▶ _Work item_:
Begin at the line containing "Ancient town ruins" and give again every line to the end of the records, exactly, without the pictures.

Stored items from a collection:
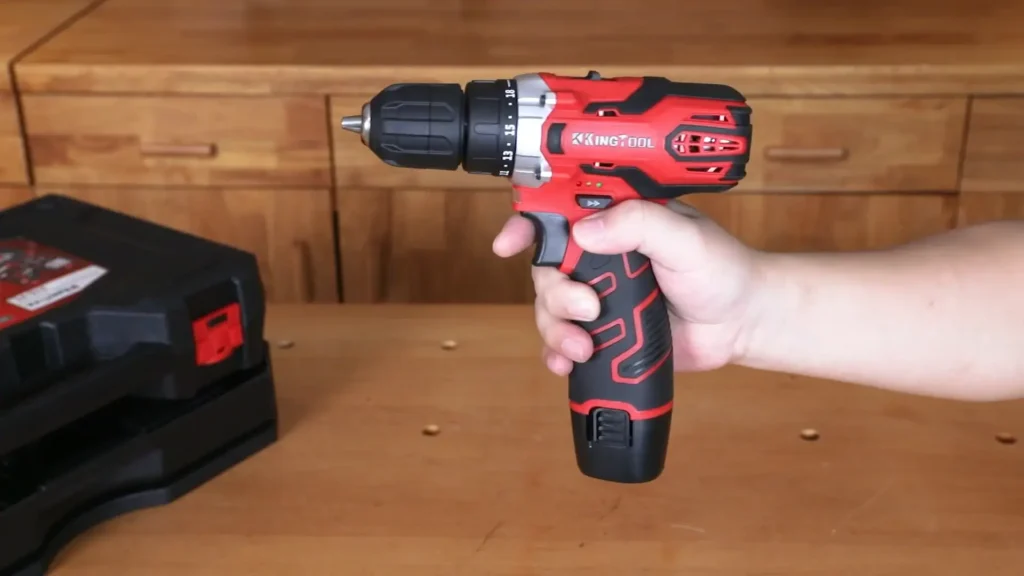 A person holding a red and black 12V cordless power drill, demonstrating its compact size and ergonomic grip.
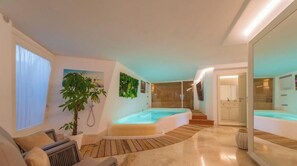 A modern interior with a hot tub, wooden flooring, a large plant, and a kitchen area.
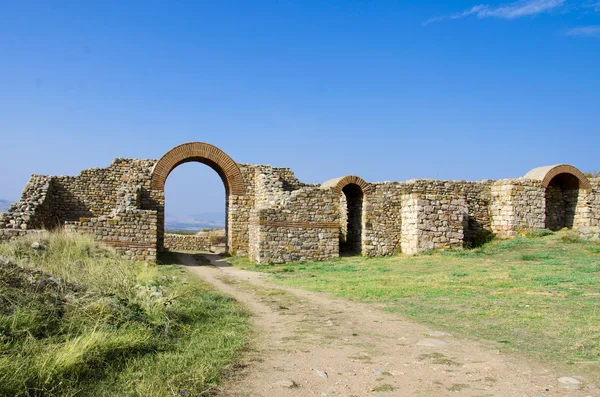 Ancient town ruins and path through arced stone gate — Stock Photo, Image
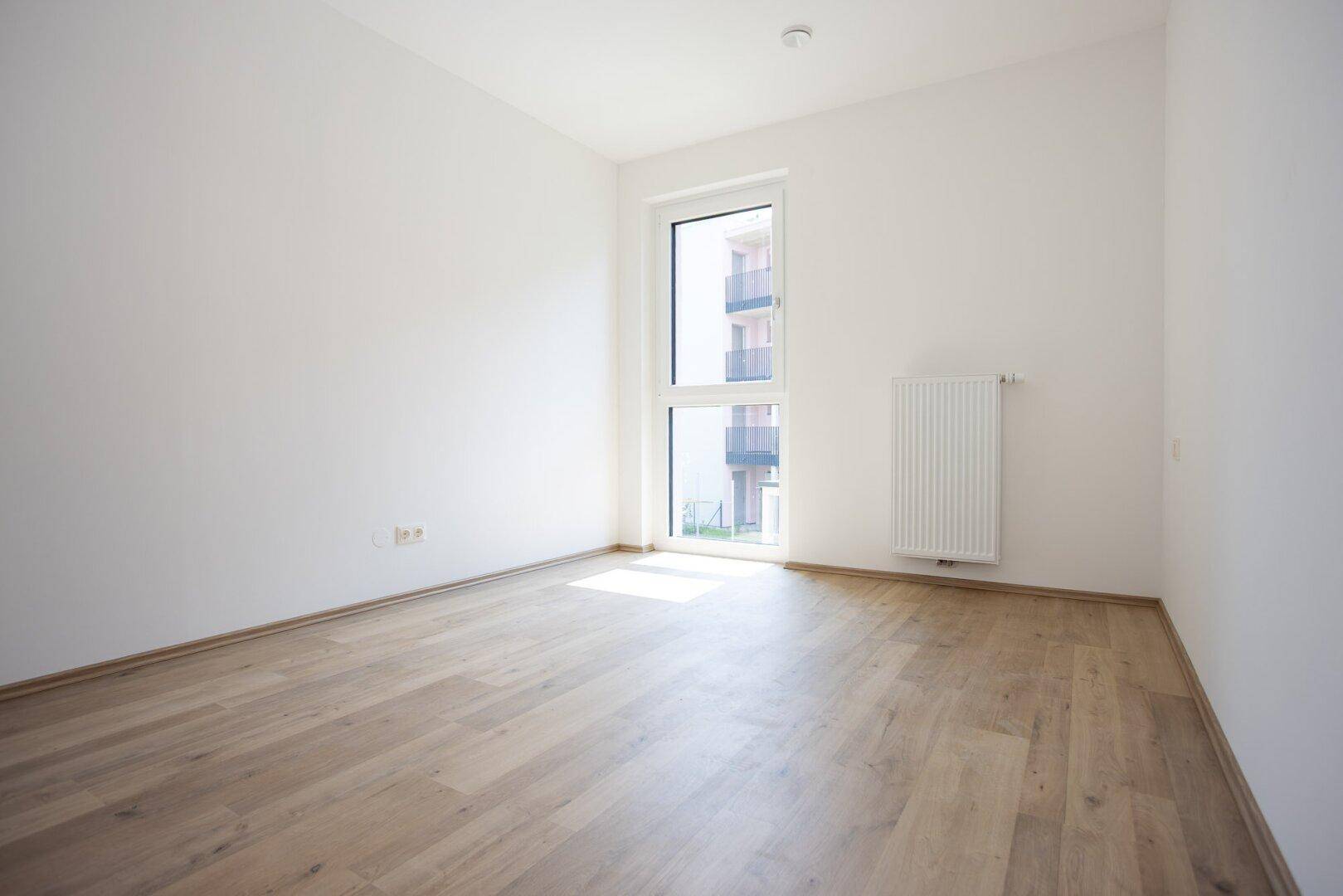 Helles Zimmer mit großem Fenster, Parkettboden und Heizkörper.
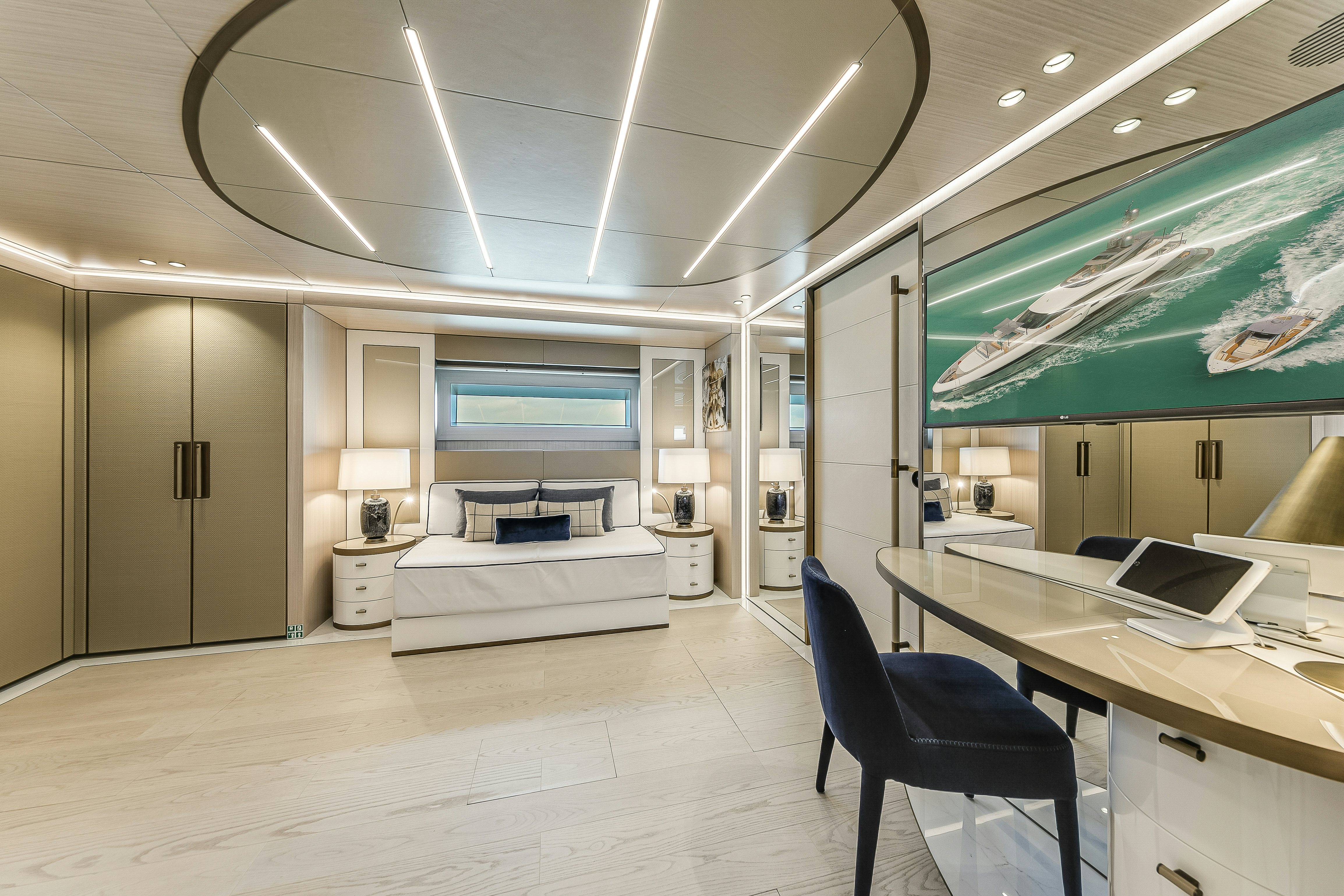 a room with a bed and a desk aboard EIV Yacht for Sale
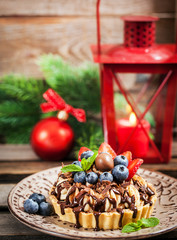 Banoffee chocolate pie decorated with chocolate, fresh blueberry and strawberry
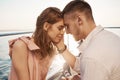 Happy young couple in love smiling and enjoying boat trip on the sea. Romance and vacation concept. Boyfriend tenderly Royalty Free Stock Photo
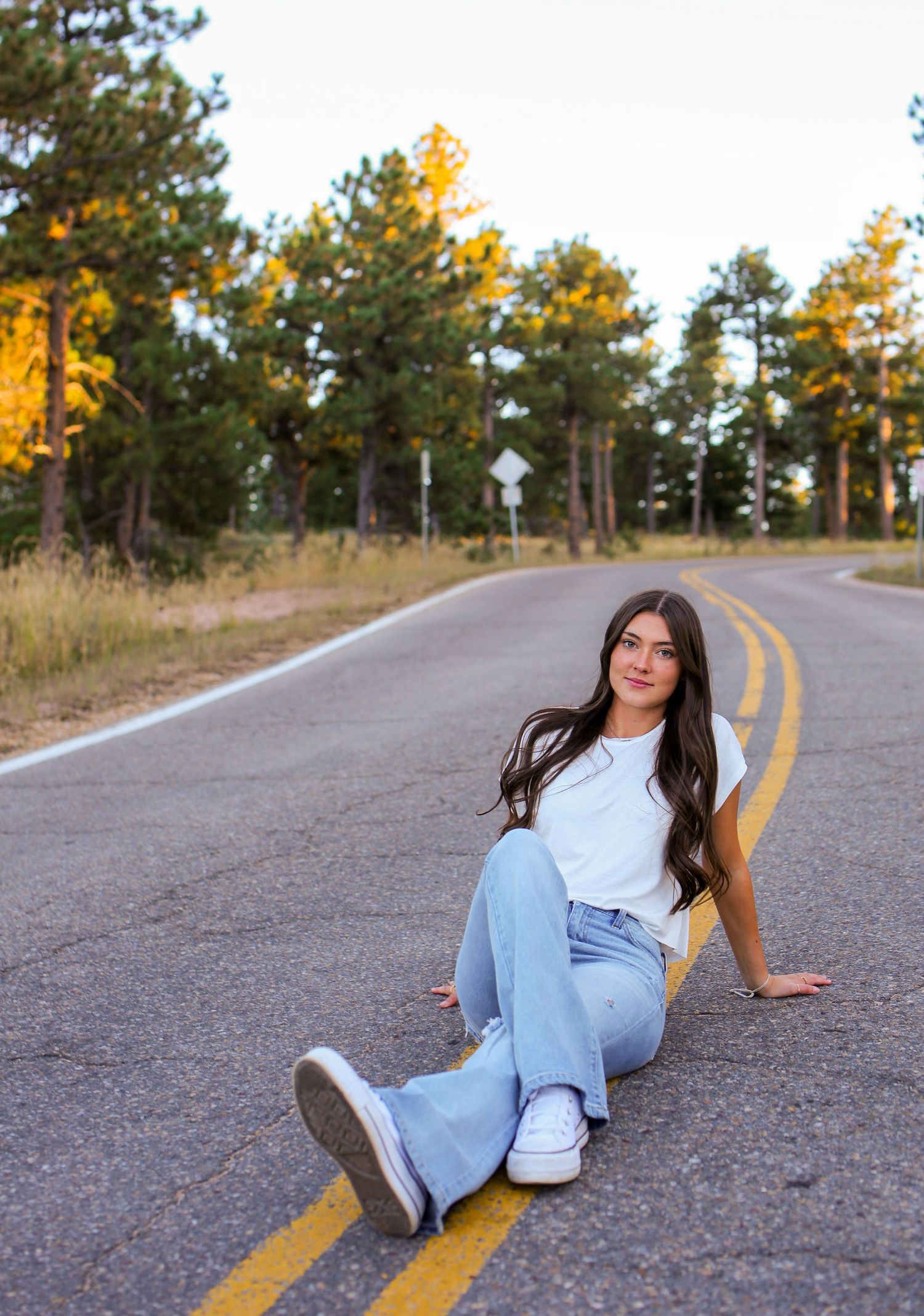 Someone in relaxed pose on mountain road wearing white t-shirt and flared jeans at golden hour.
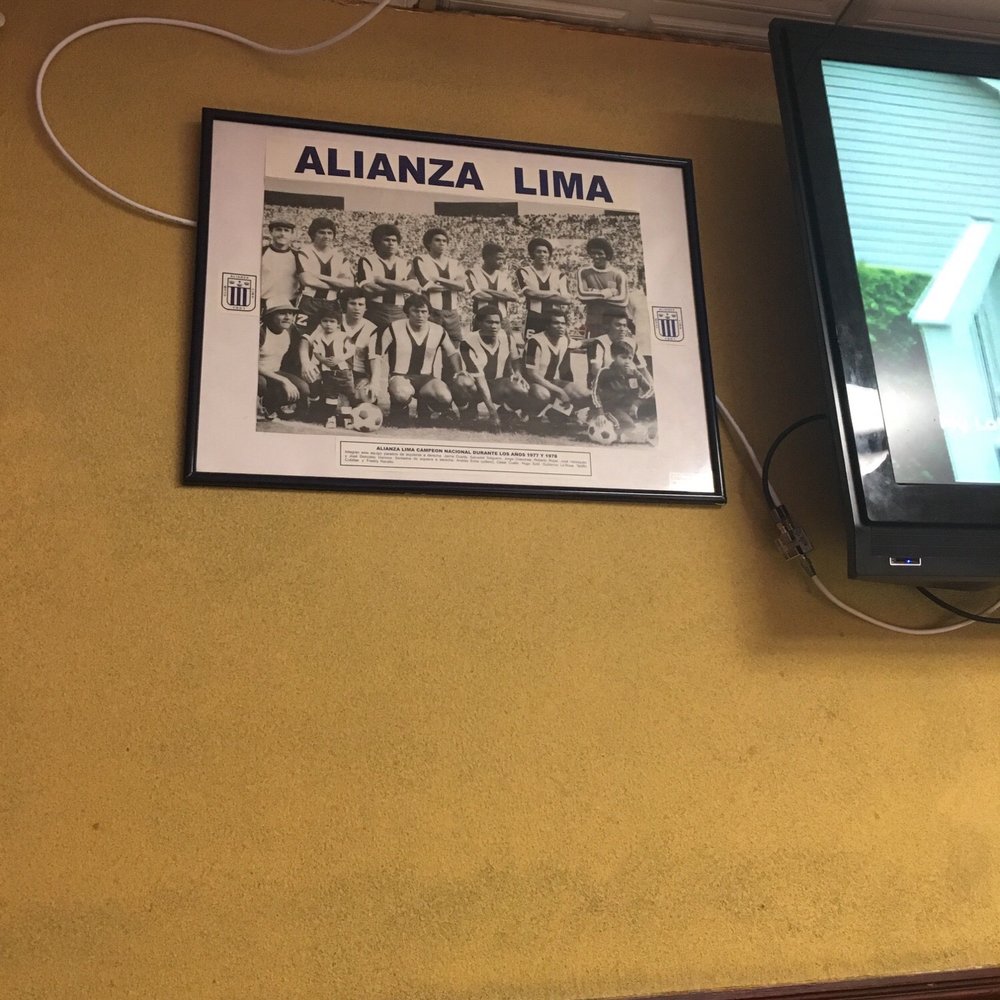 Rocky's Restaurant - a picture of a group of baseball players hanging on the wall - Latin American Near Me - Roselle Park, New Jersey Rocky's Restaurant - a picture of a group of baseball players hanging on the wall - Latin American Near Me - Roselle Park, New Jersey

▶ _Exercise answer_:
 Ancient town ruins and path through arced stone gate — Stock Photo, Image
 Helles Zimmer mit großem Fenster, Parkettboden und Heizkörper.
 a room with a bed and a desk aboard EIV Yacht for Sale
 Banoffee chocolate pie decorated with chocolate, fresh blueberry and strawberry
 Happy young couple in love smiling and enjoying boat trip on the sea. Romance and vacation concept. Boyfriend tenderly Royalty Free Stock Photo
 Someone in relaxed pose on mountain road wearing white t-shirt and flared jeans at golden hour.
 Rocky's Restaurant - a picture of a group of baseball players hanging on the wall - Latin American Near Me - Roselle Park, New Jersey Rocky's Restaurant - a picture of a group of baseball players hanging on the wall - Latin American Near Me - Roselle Park, New Jersey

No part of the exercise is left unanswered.